Over the summer, the Big Board announced plans to go public before Thanksgiving, but that step was delayed for at least a year after the idea ran into substantial problems. Industry officials say the public offering faces considerable hurdles, including questions about how the transaction would be taxed and how the shares would be valued, given the rapidly changing nature of exchanges.

The issue of self-regulation has also been a stumbling block. The New York Stock Exchange monitors the business practices of its members. But some major Wall Street firms have said they are opposed to being regulated by a for-profit entity and potential competitor.

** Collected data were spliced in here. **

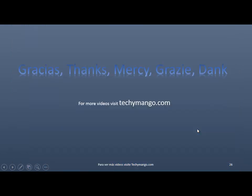And basically, that's it. So, gracias. Thanks. Maxi. Grazie. Dank. You know, I'm going to be posting all these videos at techymango.com. So, if you think this was useful, come back and maybe you can learn something. Thank you. Bye-bye.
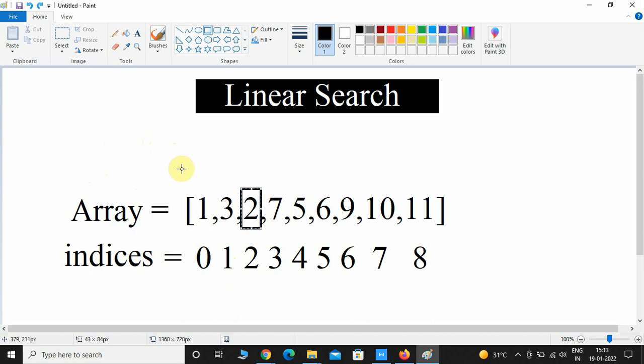It will linearly iterate through the array, and if the key value matches with the particular number, then it will return that index.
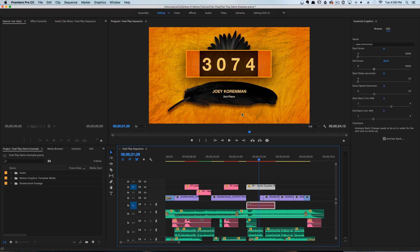And again, there are an infinite number of potential creative possibilities that can be had by using this new feature. If you want to learn more about the Essential Graphics panel, go check out the blog post over on School of Motion.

One alternative under consideration by the SEC is a hybrid self-regulator, where some market-monitoring functions would stay with the NYSE while others would go to a national self-regulator that would also oversee the Nasdaq Stock Market and regional exchanges. The NYSE, however, has fought that idea.

In an interview yesterday, Levitt said the issue of self-regulation is a concern but added that "I think we could work with the New York Stock Exchange to come up with a regulatory structure" that is acceptable. He said he is "solidly in favor" of the NYSE changing to a for-profit company.

But he said the NYSE also will have to eliminate anti-competitive rules to keep business from fleeing overseas. He singled out Rule 390, which prevents competitors such as Nasdaq from trading some key NYSE-listed stocks. The NYSE has fought to keep the rule.

Nevertheless Levitt said he is hopeful that the NYSE will eliminate the rule itself, without SEC intervention, because the major Wall Street firms--customers of the NYSE--don't like it. He added that if the exchange does not abolish it, the SEC has the power to act on the issue.

In response, the NYSE yesterday issued a statement that said, "We look forward to working with the SEC to address its concerns about Rule 390 in a manner that as always will best serve the interest of public investors."

Levitt noted that the United Kingdom and other countries were developing a strong set of securities regulations, an equity culture and pools of capital that also make them increasingly attractive. And they do not face the hurdles presented by anti-competitive regulations such as Rule 390, he said.

"Business is more likely to migrate today than before because systems are developing internationally which make it just as easy to transact business in the U.K." as in New York City," Levitt warned Congress. "We can no longer take for granted the preeminence of our capital markets."

CAPTION: Arthur Levitt Jr.: "We can no longer take for granted the preeminence of our capital markets."